Will I stand in your presence ?or to my knees will I
Will I sing hallelujah?, will I be able to speak at all ?
I can only imagine
I can only imagine''
I've had the Lyrics to this song by Mercy Me ( my recording on the Soul Survivor album) going round and round in my head for the last 24 hours or so. I have listened to it many times before but yesterday when I played it with Aimee and Lydia the words really struck me...what will it be like? How will I feel when I am standing in front of Jesus?
Wow! WHAT a thought....one day I will stand face to face with Jesus...one day I will see HIM...I get butterflies in my tummy just thinking about it and the certain hope I have...I KNOW it will happen one day.
I guess the only thing I can liken it to is what happened to me is after emailing and texting..even MSN'ing someone I met online. even seen a photo of. I had 'chatted' via cyberworld for months..shared secrets/fears/hopes and dreams and had become very close...I considered her a good friend, we thought alike is lots of things. One day we arranged to meet up in person.
The night before I had butterflies, and yes occasionally felt a bit nervous 'what if she didnt like me after all?'
I arrived at the meeting place far too early and nervously played with my mobile phone. The I spotted her around the same time she spotted me..our eyes met and all fear was washed away, we just threw our arms around one another and hugged, our long chats and shared moments over the months meant we knew each other inside out and there was a connection, love and respect between us.
You know I think thats what it will be like when I meeet Jesus.

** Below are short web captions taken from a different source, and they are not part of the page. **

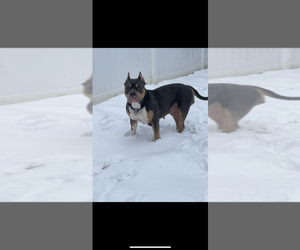 Mother of the American Bully puppies born on 03/11/2025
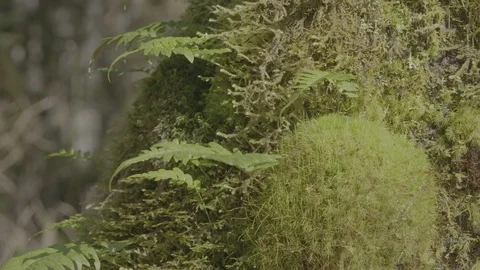 Spring Streams, moss ferns Stock Footage 128002740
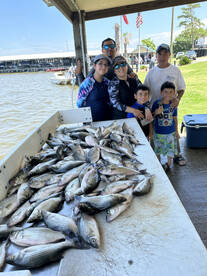 Livingston Report Photo 1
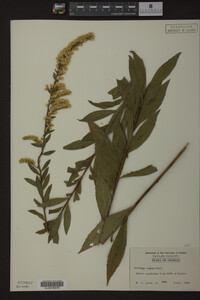 Solidago rugosa image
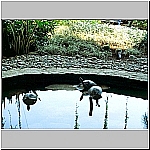 Click to see am06Resized.jpg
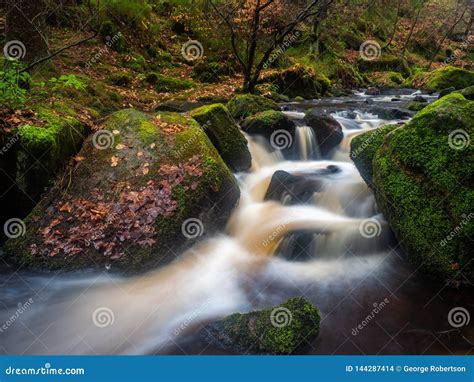 Waterfalls on a Small Brook Stock Photo - Image of nature, motion ...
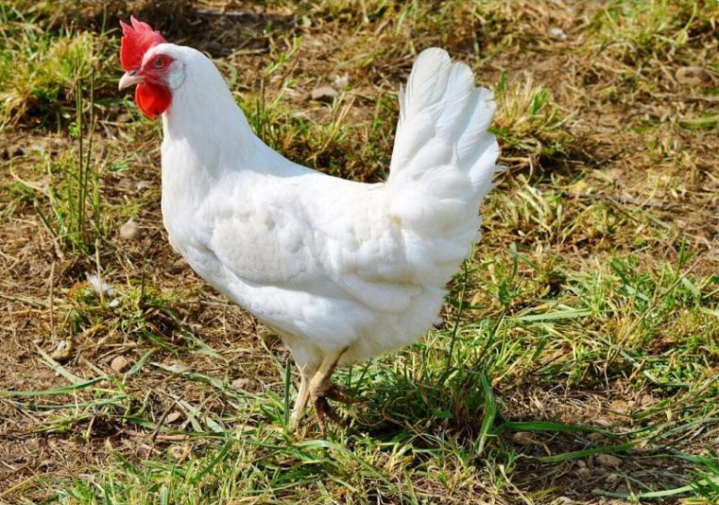 Vente de volailles bio Saint-Esprit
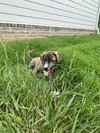 Winston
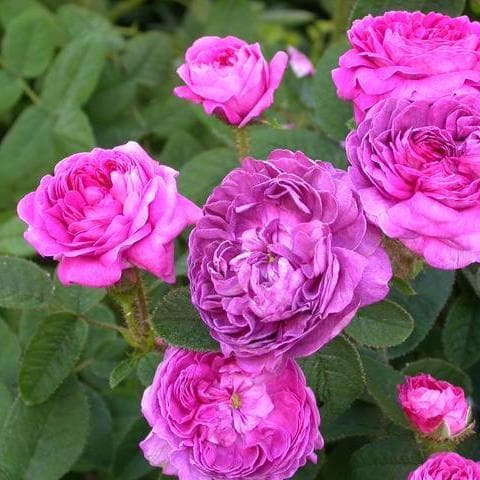 Rosa Belle de Crecy - Future Forests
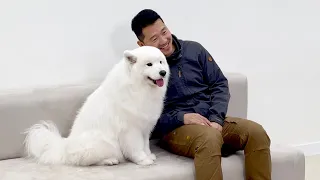 [Behind the Scenes] Wooyoo meets the most FAMOUS dog trainer in Korea!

Yes I will probably be a little nervous but as soon as our eyes meet...theres going to be no fear.I will be looking into the eyes of perfect love..of someone I have 'chatted' to for not months but years, who I have shared my hopes and my dreams and fears with.Someone who has been there for me and loved me through the good times and some really tough times.
you know what...I think my response will be the same as when I met my friend for the first time...we will just run and hug each other.
What a wonderful wonderful day this will be!...Im SO excited...Im sure my words dont do it justice ,but then at the moment....
...I can only imagine.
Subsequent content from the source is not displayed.